# 1. Adult Income dataset

In [2]:
# Adult Income Dataset (UCI Census Income dataset)
# - Task: predict whether an individual's income exceeds $50K/year based on census attributes.
# - Importance: widely used in bias/fairness studies; known gender and race disparities.
# - Source: UCI ML Repository, mirrored on OpenML.
# - Behavior: load local data/adult.csv if present; otherwise fetch from OpenML.
#   In both cases, normalize the target column to 'income' and strip whitespace.

from pathlib import Path
import pandas as pd
from sklearn.datasets import fetch_openml

project_root = Path(__file__).resolve().parent.parent if "__file__" in globals() else Path.cwd().resolve().parent
data_dir = project_root / "data"
data_dir.mkdir(parents=True, exist_ok=True)
adult_csv = data_dir / "adult.csv"

# Load or fetch
if adult_csv.exists():
    df = pd.read_csv(adult_csv)
    print(f"Loaded existing: {adult_csv}")
else:
    adult = fetch_openml(name="adult", version=2, as_frame=True)
    df = adult.frame.copy()
    print("Fetched Adult Income from OpenML.")
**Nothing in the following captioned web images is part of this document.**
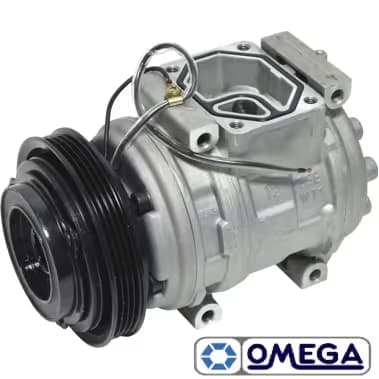 COMP. 10PA15C  4PK 125mm (Civic 1,6L 96-00, Integra 92-01)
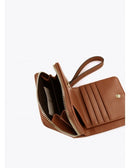 Petit portefeuille camel LC petits clous Lola Casademunt-2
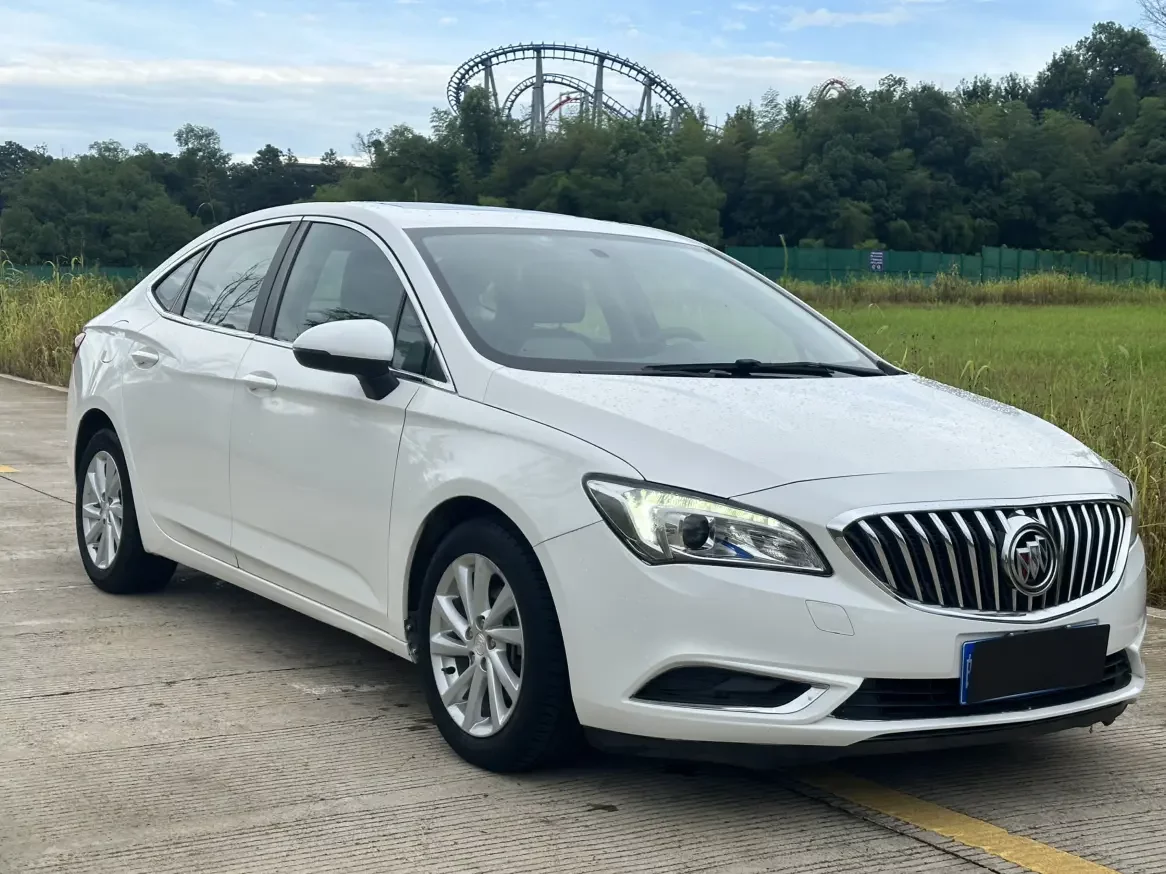 Buick Valeant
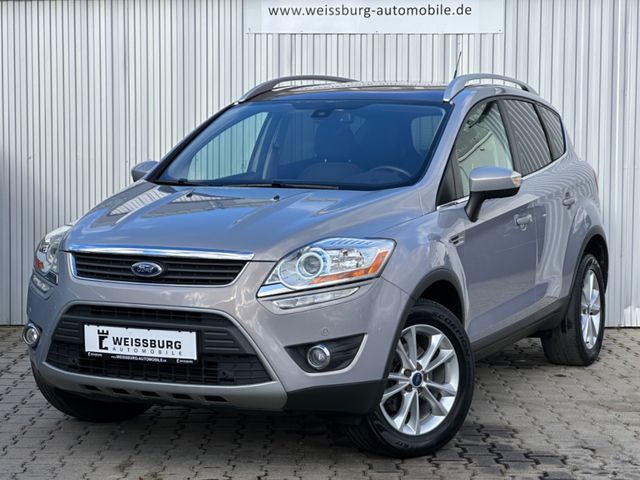 Ford Kuga 2.0TDCi Titanium PANO| NAVI|AHK|KAM|KEYLESS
# Normalize target column name and values
if "income" not in df.columns and "class" in df.columns:
    df = df.rename(columns={"class": "income"})
if "income" in df.columns:
    df["income"] = df["income"].astype(str).str.strip()

# Save normalized copy
df.to_csv(adult_csv, index=False)
print(f"Saved normalized dataset: {adult_csv}")

# Quick overview
print("Shape:", df.shape)
print("Columns:", list(df.columns)[:15], "...")
if "income" in df.columns:
    print(df["income"].value_counts())


Loaded existing: C:\Users\hana1\Documents\iva-bias-project\data\adult.csv
Saved normalized dataset: C:\Users\hana1\Documents\iva-bias-project\data\adult.csv
Shape: (48842, 15)
Columns: ['age', 'workclass', 'fnlwgt', 'education', 'education-num', 'marital-status', 'occupation', 'relationship', 'race', 'sex', 'capital-gain', 'capital-loss', 'hours-per-week', 'native-country', 'income'] ...
income
<=50K    37155
>50K     11687
Name: count, dtype: int64


In [3]:
# Prepare a model-ready Adult Income CSV and minimal EDA summaries.
# - Input:  data/adult.csv  (raw, normalized to have 'income')
# - Output: data/adult_model.csv  (selected features + binary target 'label')
# - EDA:    results/eda/* balance tables for target and sensitive attributes

from pathlib import Path
import pandas as pd


project_root = Path(__file__).resolve().parent.parent if "__file__" in globals() else Path.cwd().resolve().parent
data_dir = project_root / "data"
data_dir.mkdir(parents=True, exist_ok=True)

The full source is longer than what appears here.